Baekhyun'un öfkeyle alevlenen gözleri aniden küle dönüştü. Az önce bana nefretle baktığını fark etmiştim ama hemen sonra yüzüne sevimli bir ifade yerleşti. Hayretle birkaç saniye suratına öylece baktım.
"Chanyeol," dedi bir kez daha ama bu defa sesi çok daha yumuşaktı. "Geç kalıyoruz, hadi gidelim."
Chanyeol, hevesle başını sallayıp gülümsedi.

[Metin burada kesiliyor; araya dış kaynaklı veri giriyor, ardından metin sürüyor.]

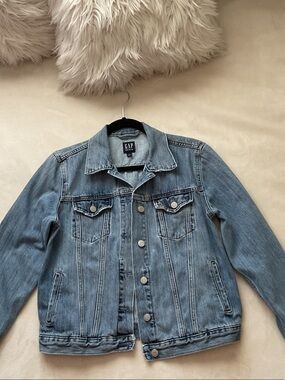 GAP Women's Light Blue Denim Jacket - Classic Jean Jacket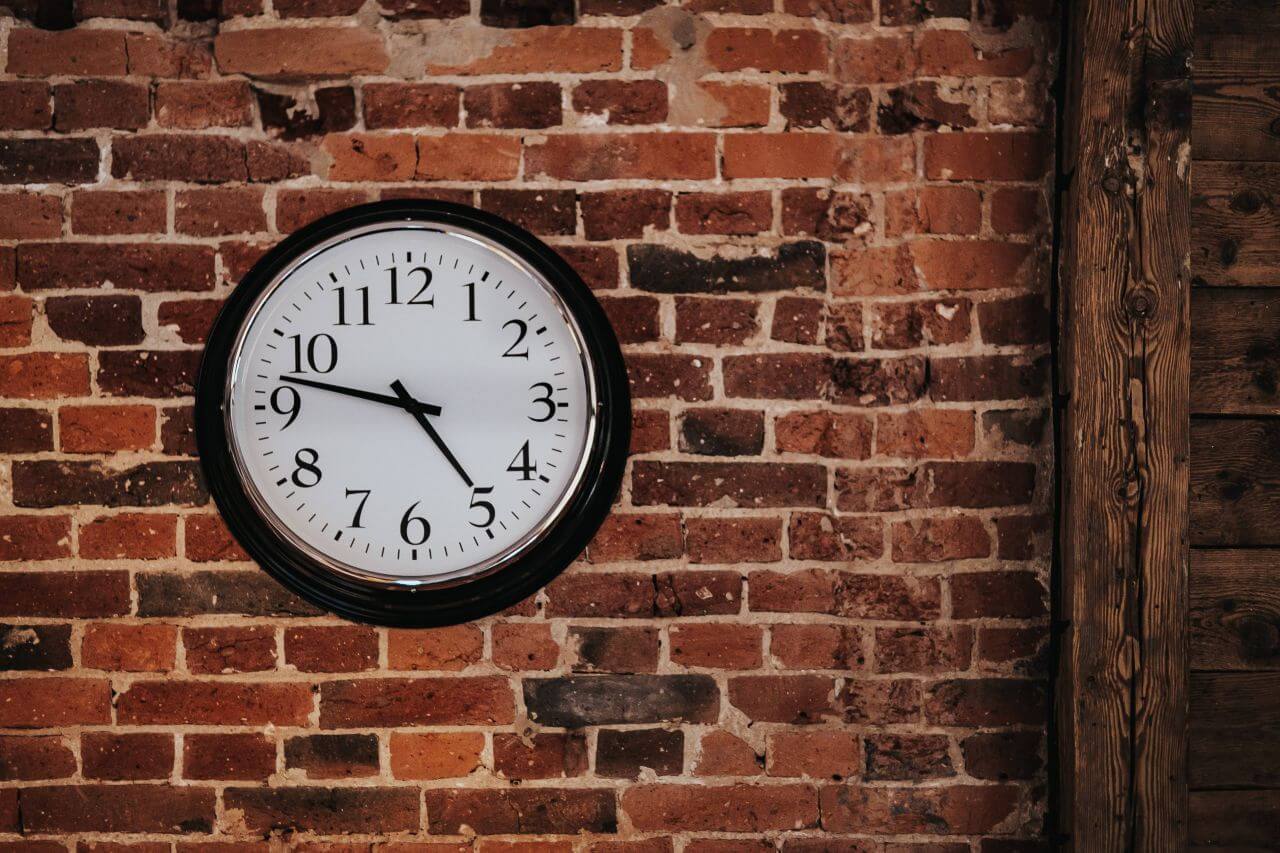 Red Brick Wall Clock Stock Free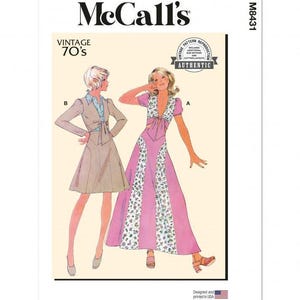 Op de afbeelding: McCall's M8431 naaipatroon envelop met illustraties van twee outfits in jaren 70-stijl. Model A is een lange roze jurk met bloemmotieven en korte mouwen. Model B is een rok- en jasje-set tot op de knie met een lichtblauw overhemd.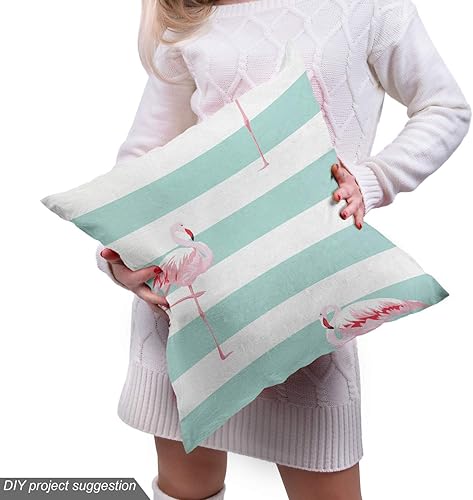 Vista 228 de Lunarable The Yard, tela azul real de The Yard, patrón de cerámica inspirado en el Medio Oriente estilo marroquí, estampado oriental, tela de satén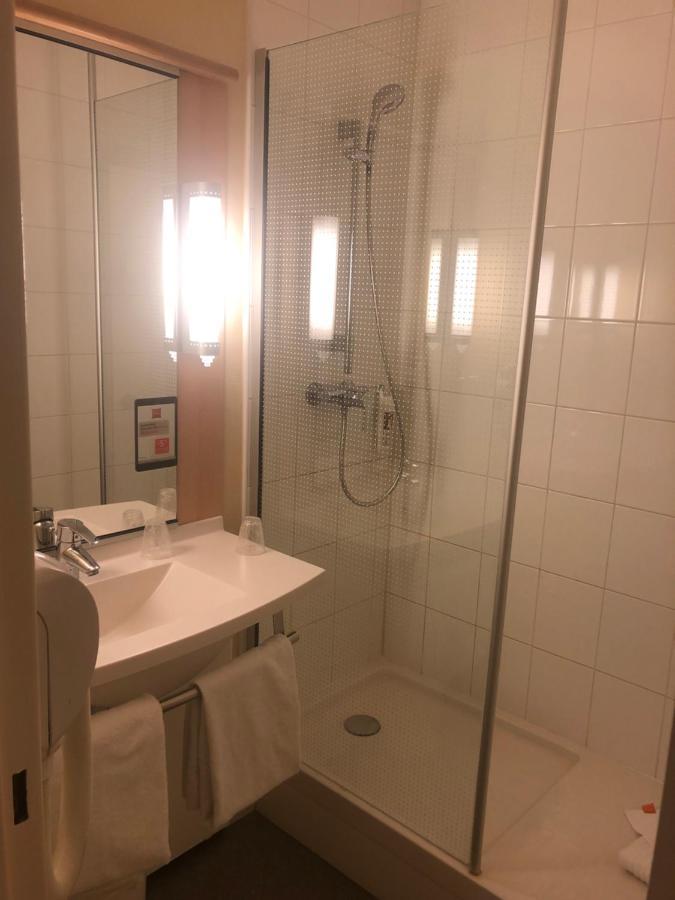 Hotel Ibis Evry-courcouronnes Courcouronnes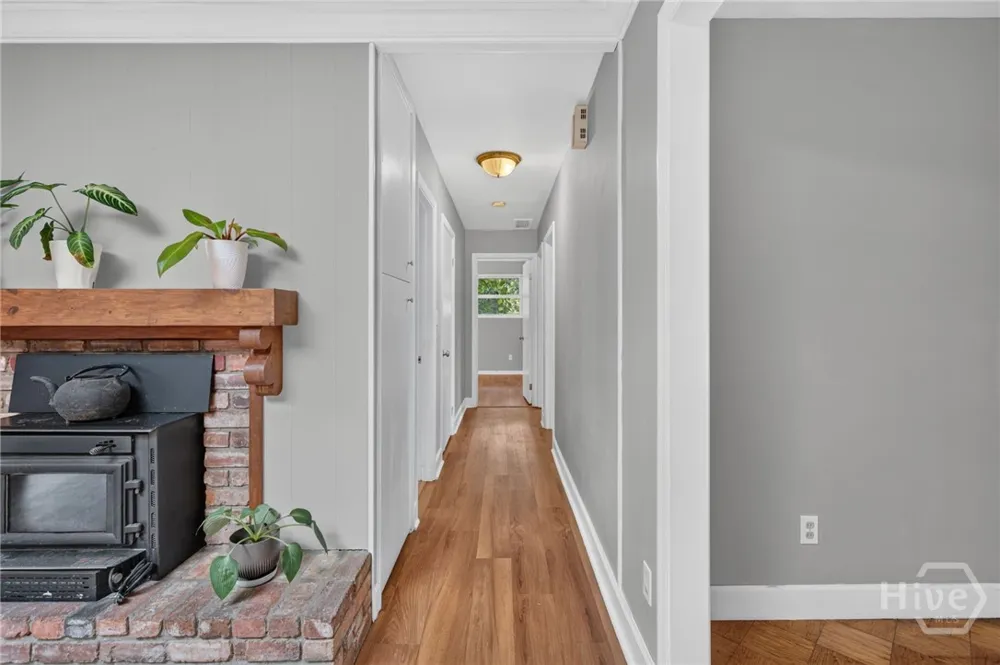 121 Juniper Circle Savannah, GA 31419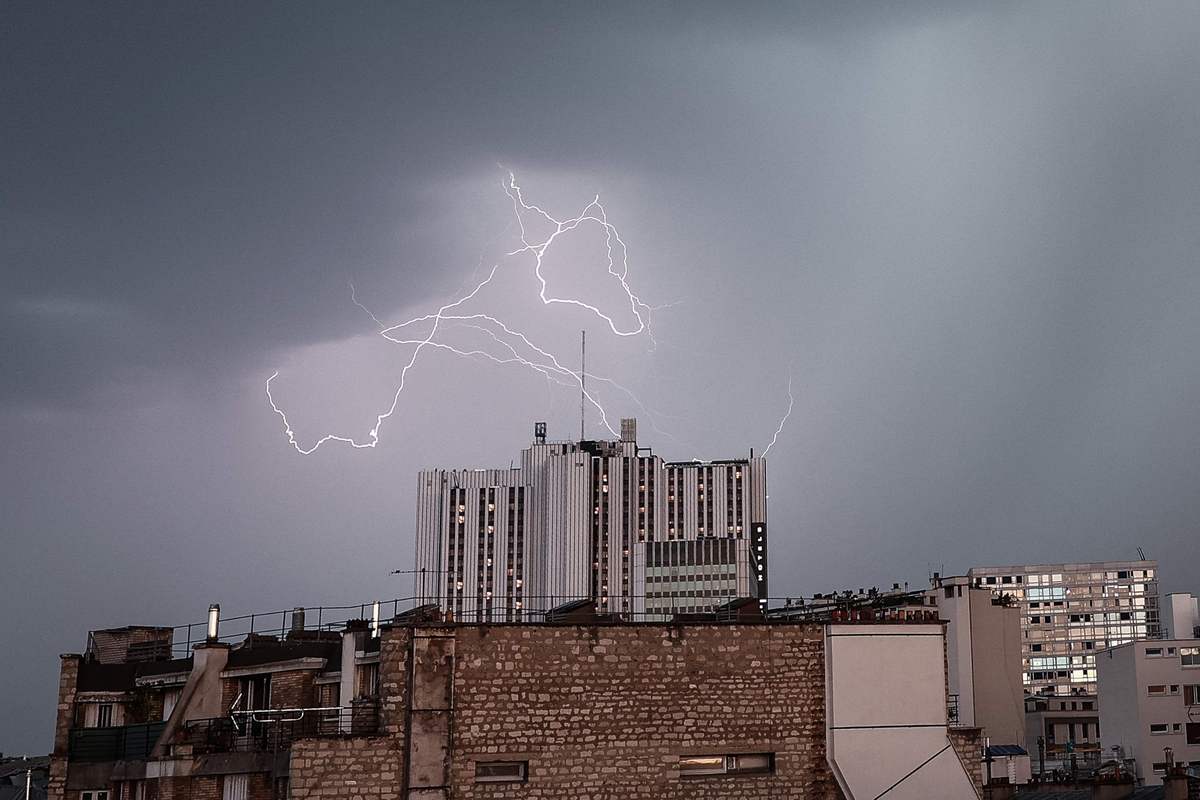 一个人被雷劈的几率是多少，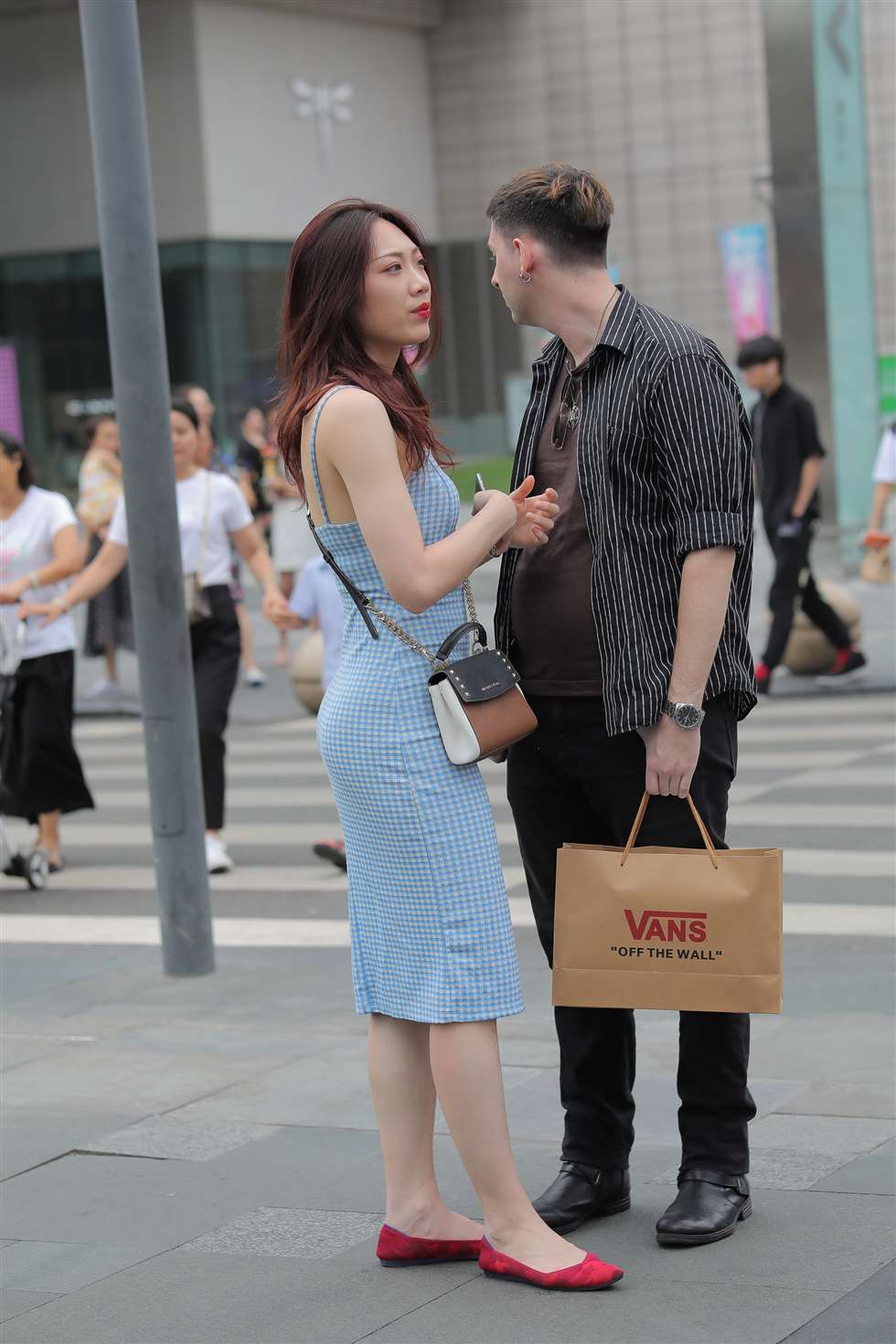 图片[1]-静静的看着你-街拍流行馆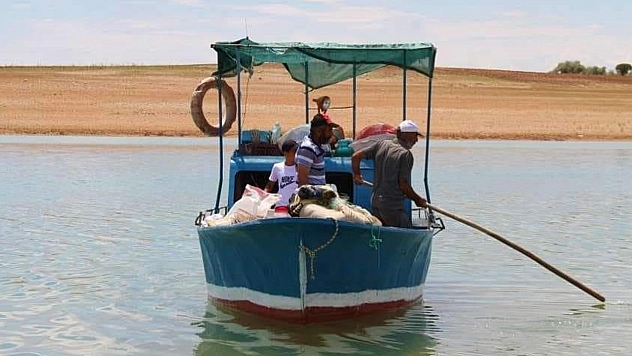 Elazığ'da Tekneler Karaya Çekildi!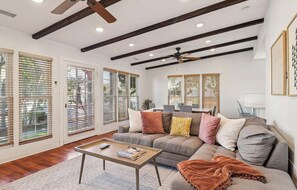 Smart TV, fireplace, offices - Sunny Ocean Beach House 3BR & Patio Walk to Beach (San Diego)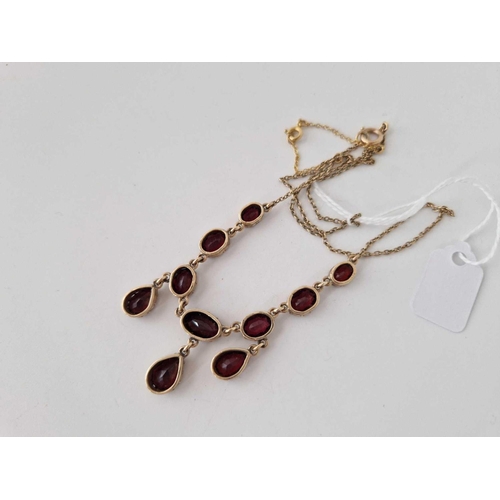 36 - A PRETTY GARNET NECKLACE 9CT 15 INCH 11.1 GMS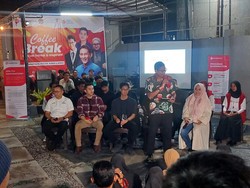 Momen Alam Ganjar Diajak Sandiaga Uno Kampanye di Makassar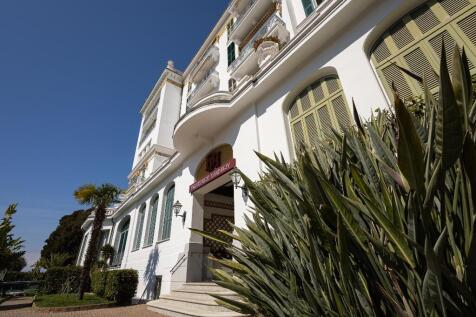 Front of the buildin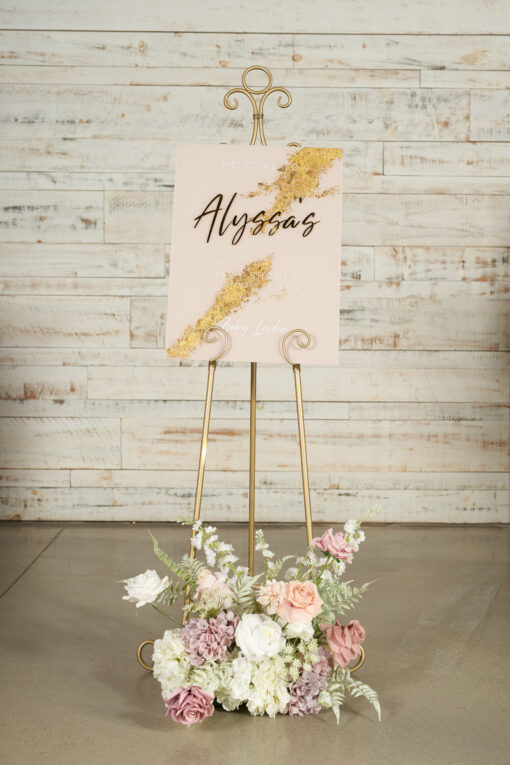 image of Custom Welcome Sign & Flowers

Gitmeden önce yeniden bakışlarını bana çevirdi.
"Seninle daha sonra görüşürüz," dedi sevecen bir biçimde.
Yine hayrete düşerek "Benimle mi?" diye sordum.
Chanyeol, bana cevap vermeyi reddederek güldü ve Baekhyun'un yanındaki yerini aldı.
"Çok tatlı değil mi?" diye sordu Baekhyun'a.
Baekhyun'un sevimli suratına içinde şiddet, işkence ve cinayet barındıran büyük bir gülümseme yerleşti.
"Ya, çok tatlı..." diye mırıldandığını duydum.
Hemen ardından başka bir şey söylemeden gittiler. Gitmeden önce Baekhyun bana nefesimi gerçek anlamda kesmek istediğini belirten bakışlarından bir tanesini yollamak istemişti ama yerleri paspaslıyormuş gibi yaparak kafamı çevirmiştim.
Günün geri kalanını onun olabileceği yerlerden köşe bucak kaçarak geçirdim. Beni görmek istemediğinin farkındaydım, bunu sabah beni evinden kovarken oldukça uygun bir dille belirtmişti.
'Kaybol'
Sıkıntıyla iç geçirdim. Ondan uzak durmam gerektiğinin farkındaydım. Yani... en azından otuzuma kadar yaşamak istiyorsam uzak durmalıydım. Yeterince açık konuşmuştu. Beni bir daha görmek istemiyordu ve ayak altında dolaşmasam iyi olurdu.
Sanırım sözleri kalbimi tahmin ettiğimden fazla kırmıştı. Onun yanında bir değerimin olmadığının farkındaydım. Kim olduğumu, ne olduğumu iyi biliyordum fakat daha önce bu kadar aşağılanmamıştım, hem de böylesine ünlü biri tarafından.
Başımı deli gibi birkaç defa salladım. Saatler geçmişti ve ölesiye yorgundum. Etrafta neredeyse kimse kalmamıştı, artık gitme zamanıydı. Zaten yeterince çalışmıştım bir de beynimi böyle aptalca bir şeyle meşgul etmek istemiyordum.
Çantamı kapıp yalnızlığımda kaybolduğum evimin yolunu tuttum.
***
Sabah, bir önceki günden farklı olarak işe 6'da gidip erkenden çalışmaya başladım. Bu defa Jae-Hwa'nın gelip beni azarlamasını, o tombul parmağını suratıma bir bıçakmış gibi savurmasını istemiyordum.
Yanına en çok yakıştığım şey olan paspas sapını sıkıca kavrayıp girişi temizlemeye koyuldum. İlk olarak burayı temizleyecektim çünkü bugün Baekhyun ile burun buruna gelip zavallılığım ile onu sinirlendirmekten korkuyordum. Ya da tiksindirmekten.
Sabah sabah şekerlemelerle tıka basa doldurduğum midemin beslenme şeklime ettiği isyana aldırmadan en az bir süper kahraman hızında işimi bitirdim. Neredeyse kendimden hoşnut bir tavırla merdivenlere yönelmiştim ki adımın bir çırpıda söylenmesi beni durdurdu.
"Younha!"
Kanım çekilmiş gibi hissederek olduğum yerde yavaşça arkamı döndüm. İşimi erken hallettiğimi sanıyordum. Belki de Park Chanyeol'un erken gelesi tutmuştu.
Ama adımı biliyordu. Az önce bana seslenmişti.
"Günaydın," dedi bir iki adımda yanıma ulaşmayı başarırken. Boyu uzun olduğu için adımları da benimkilerden kat be kat büyüktü. Kafasında ona küçük gelmiş gibi duran siyah bir şapka vardı.